=== Given entries ===
----------------------------------------
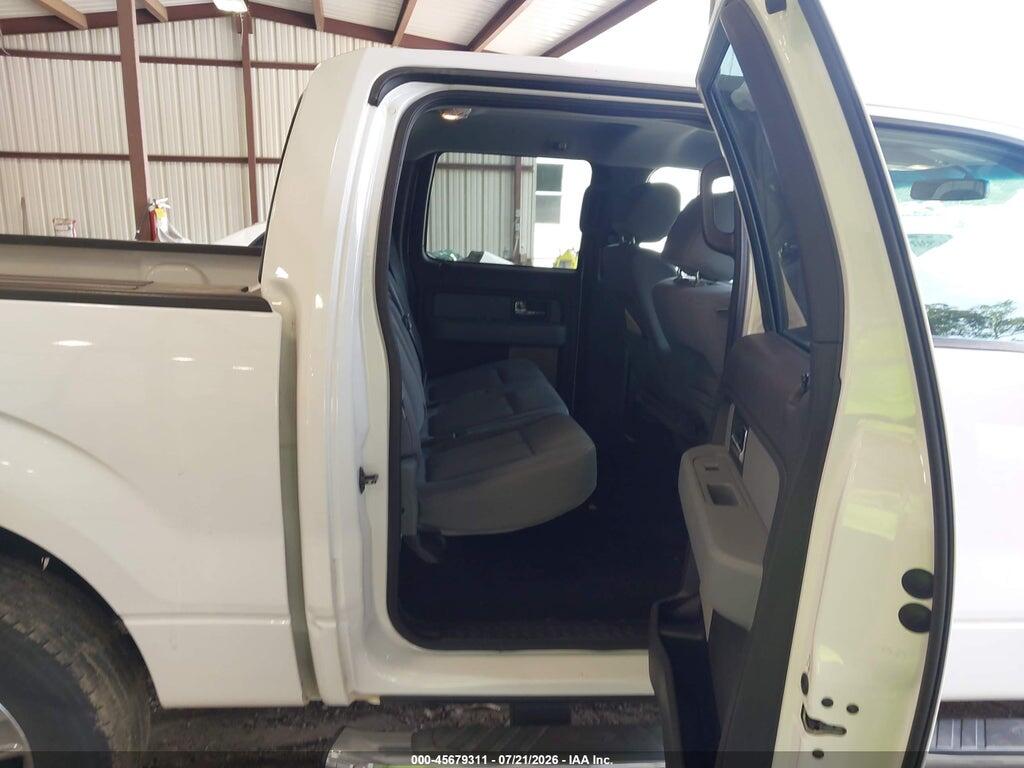 1FTFW1ET7DFA34568 2013 FORD F-150 photo no. 8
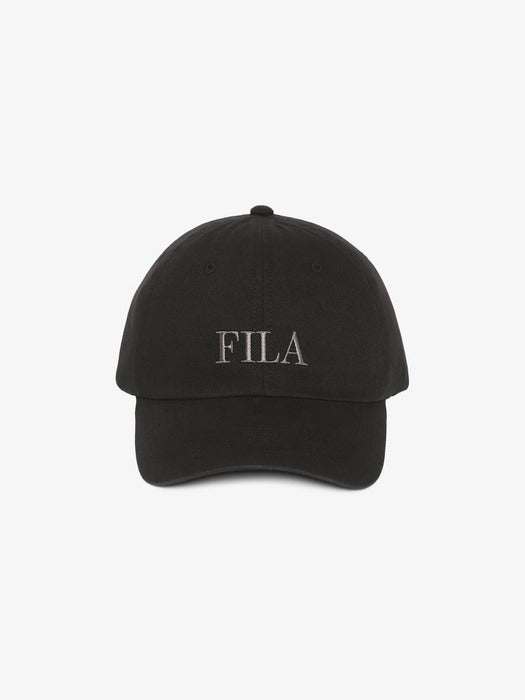Fila Essential Cotton Logo Ball Cap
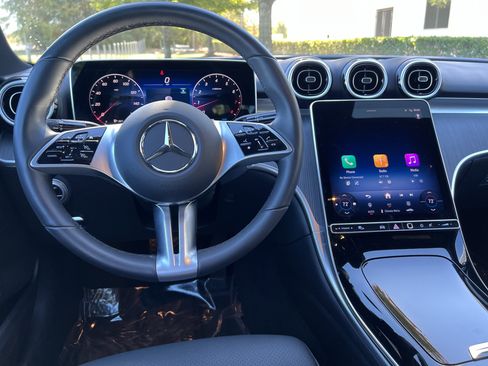 Certified 2025 Mercedes-Benz C 300 C 300 image 30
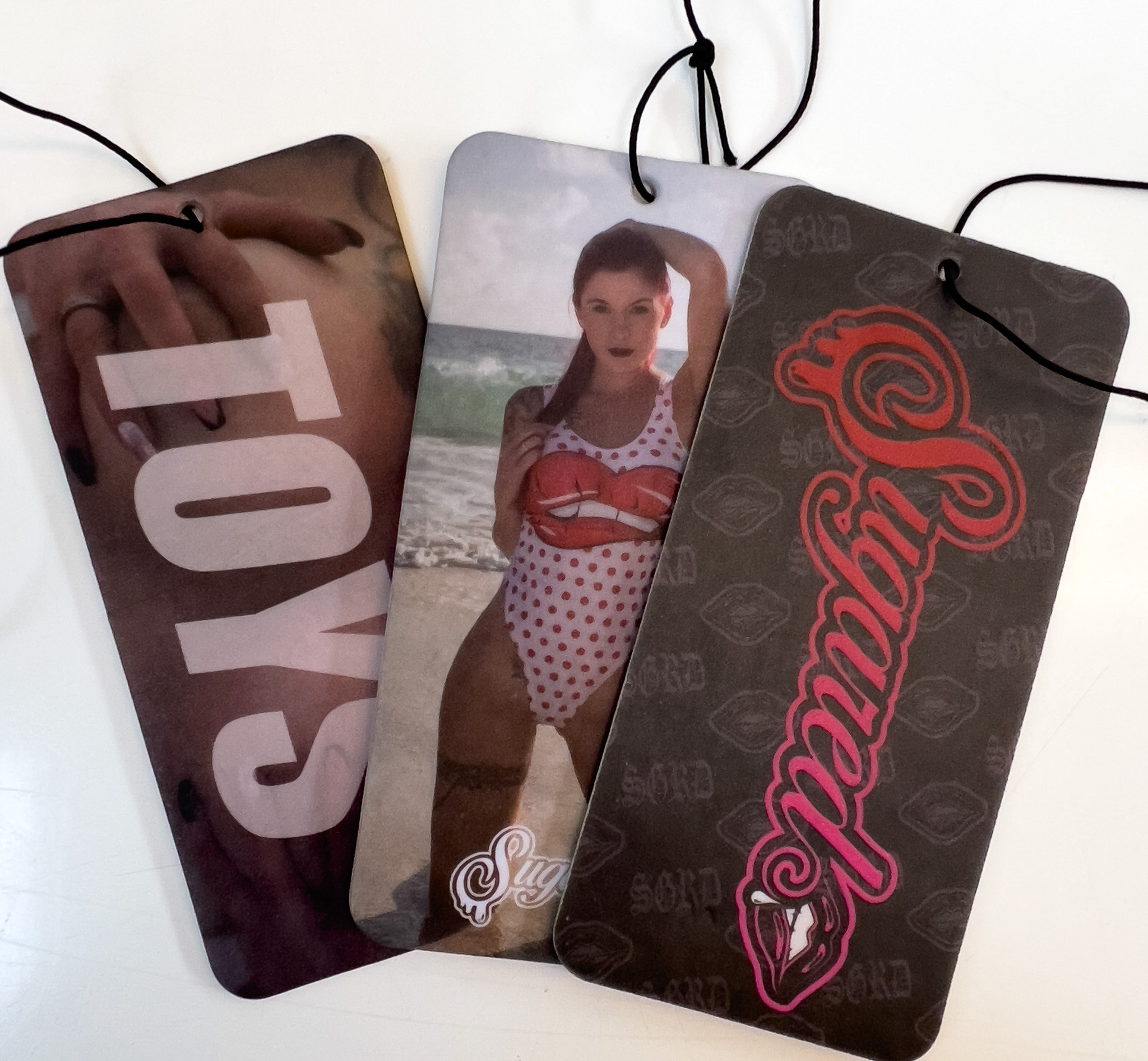 Duftbaum 3er Pack 
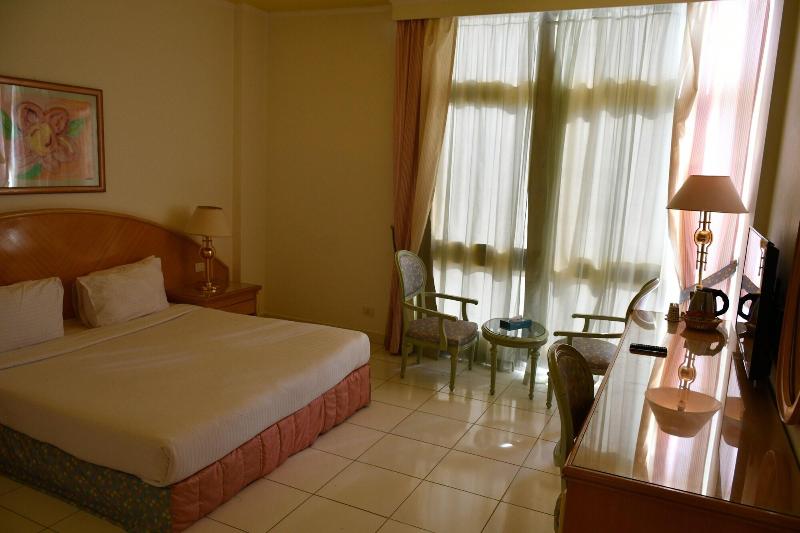 Sun Resort Aqua Park Sharm El-Sheikh - Oda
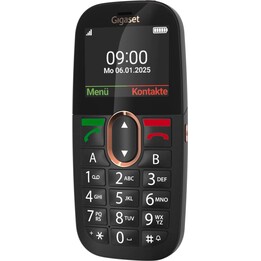 Gigaset GL695 4G Mobile Senior Black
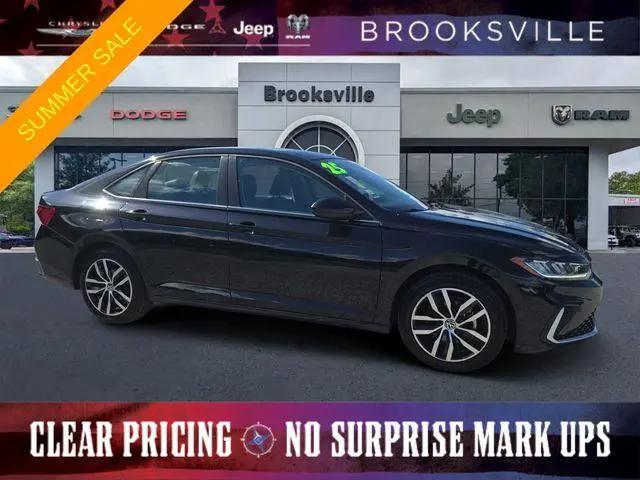 2025 Volkswagen Jetta 1.5T SE for sale in Brooksville, FL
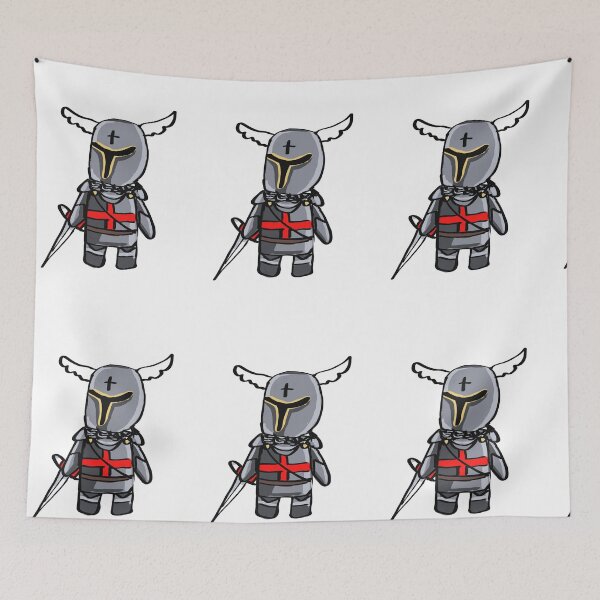 Item preview, Anglican knight designed and sold by MysticRacoon6.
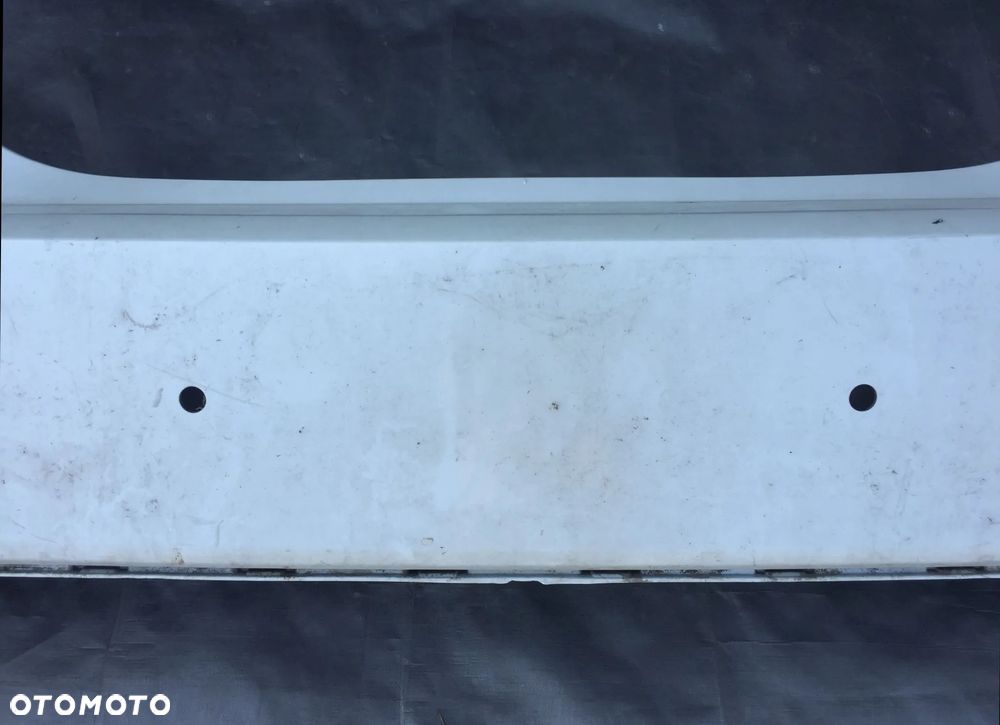 TOYOTA YARIS III LIFT 2017-2020 ZDERZAK TYLNY TYL - 3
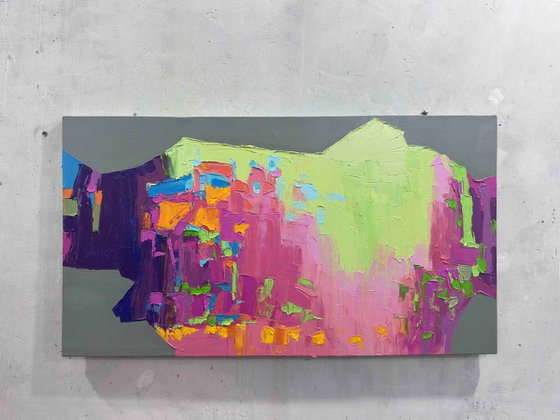 Garden Abstraction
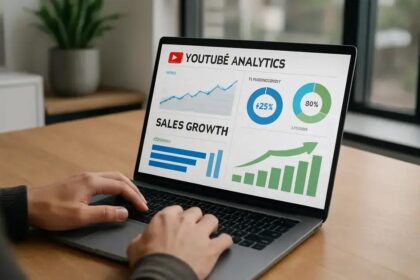 Compra de visualizações para YouTube para aumentar ganhos financeiros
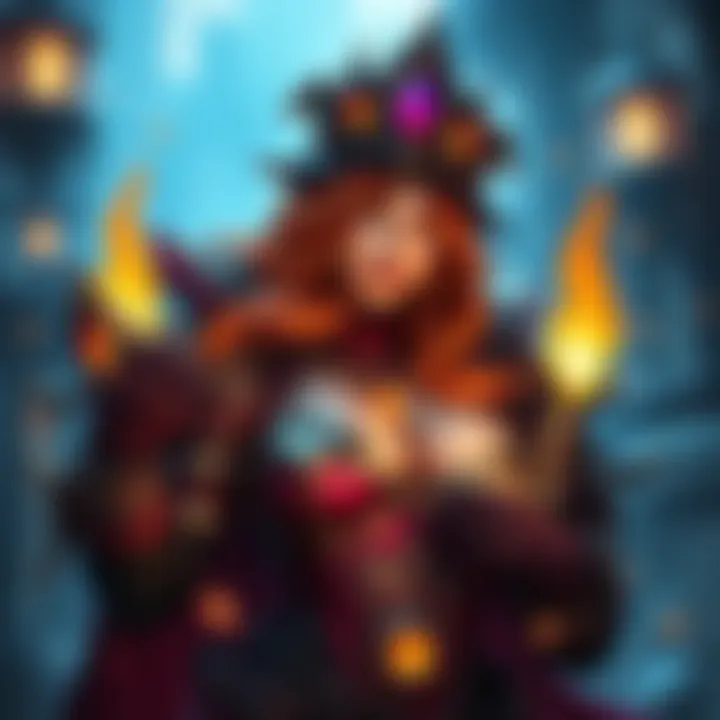 Miss Fortune equipped with optimal Wild Rift items showcasing enhanced attack power and mobility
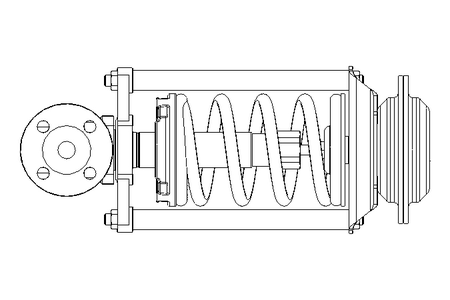 Druckregelventil DRV7 DN 20 PN 16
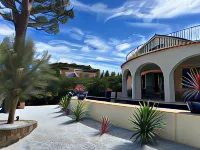 Maison d'Orange - la Pinede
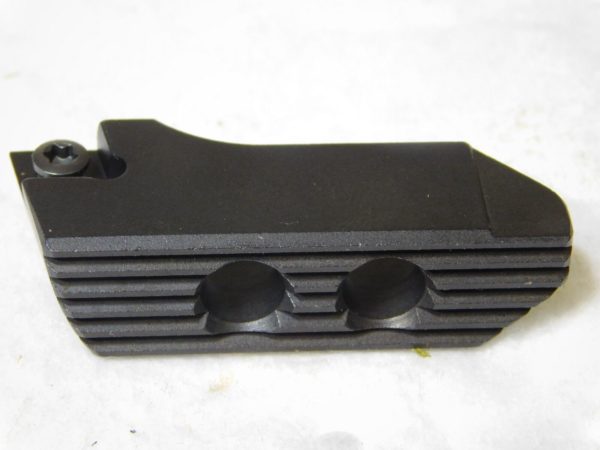 Iscar Boring Cartridge 2.362” Min Bore Dia 90º Lead Angle RH 54mm OAL 4559482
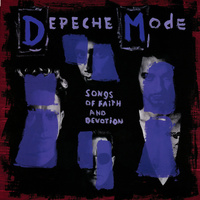 Depeche Mode ‎– Songs Of Faith And Devotion (Vinyl LP)
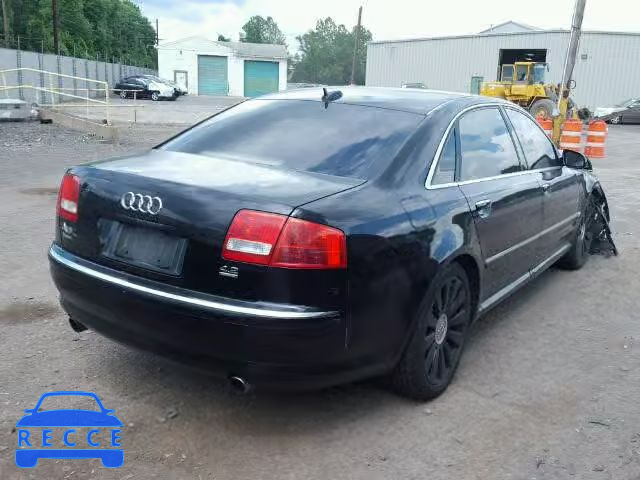 2006 AUDI A8 L QUATT WAUML44E46N007385 image 3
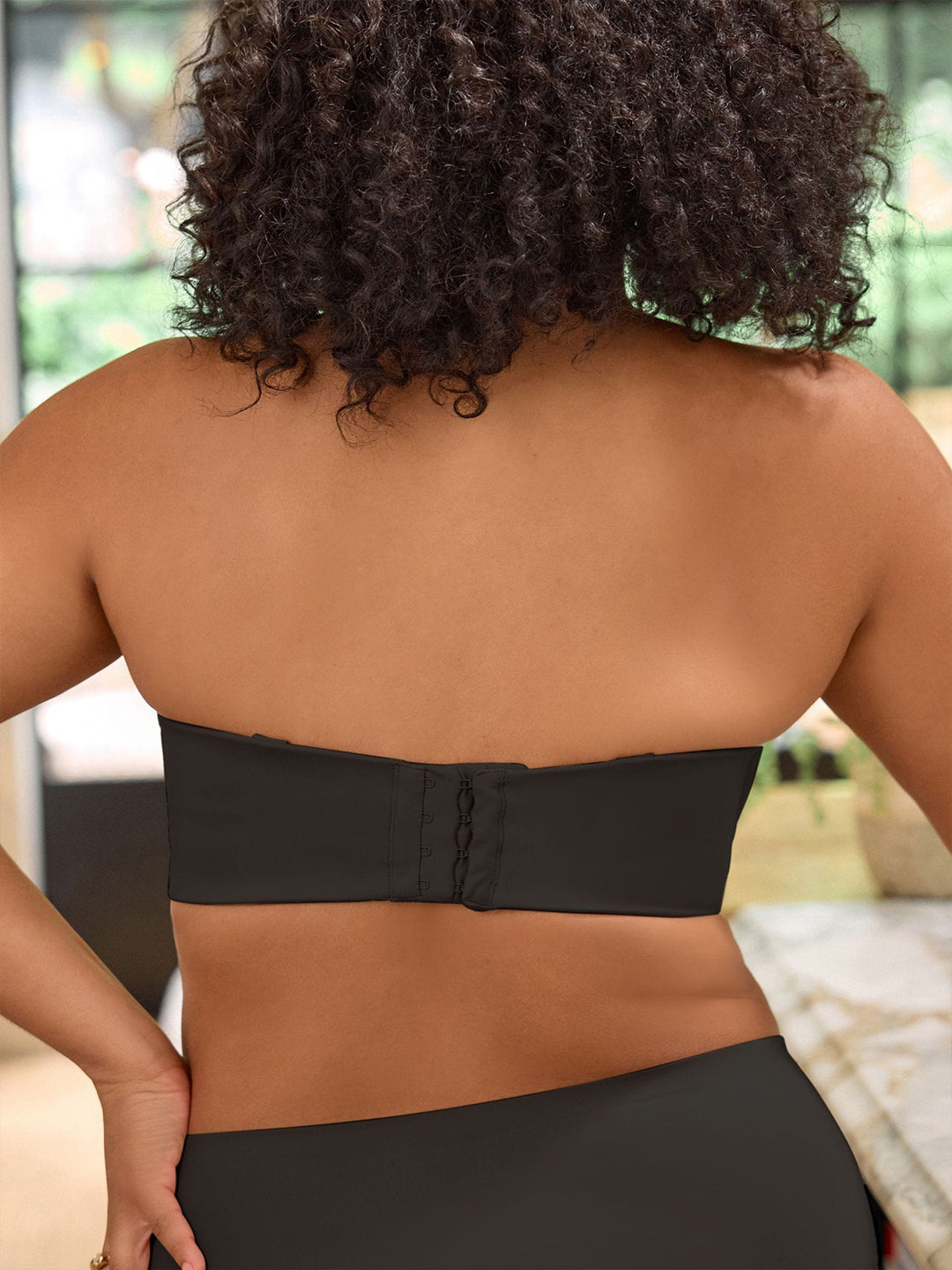 Womens Lightly Padded Strapless Multiway Underwired Bra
----------------------------------------
=== Problem to solve ===
Repeat the data above exactly, but not the pictures.

=== Written answer ===
 1FTFW1ET7DFA34568 2013 FORD F-150 photo no. 8
Fila Essential Cotton Logo Ball Cap
 Certified 2025 Mercedes-Benz C 300 C 300 image 30
 Duftbaum 3er Pack 
 Sun Resort Aqua Park Sharm El-Sheikh - Oda
 Gigaset GL695 4G Mobile Senior Black
 2025 Volkswagen Jetta 1.5T SE for sale in Brooksville, FL
 Item preview, Anglican knight designed and sold by MysticRacoon6.
 TOYOTA YARIS III LIFT 2017-2020 ZDERZAK TYLNY TYL - 3
 Garden Abstraction
 Compra de visualizações para YouTube para aumentar ganhos financeiros
 Miss Fortune equipped with optimal Wild Rift items showcasing enhanced attack power and mobility
 Druckregelventil DRV7 DN 20 PN 16
 Maison d'Orange - la Pinede
 Iscar Boring Cartridge 2.362” Min Bore Dia 90º Lead Angle RH 54mm OAL 4559482
 Depeche Mode ‎– Songs Of Faith And Devotion (Vinyl LP)
 2006 AUDI A8 L QUATT WAUML44E46N007385 image 3
 Womens Lightly Padded Strapless Multiway Underwired Bra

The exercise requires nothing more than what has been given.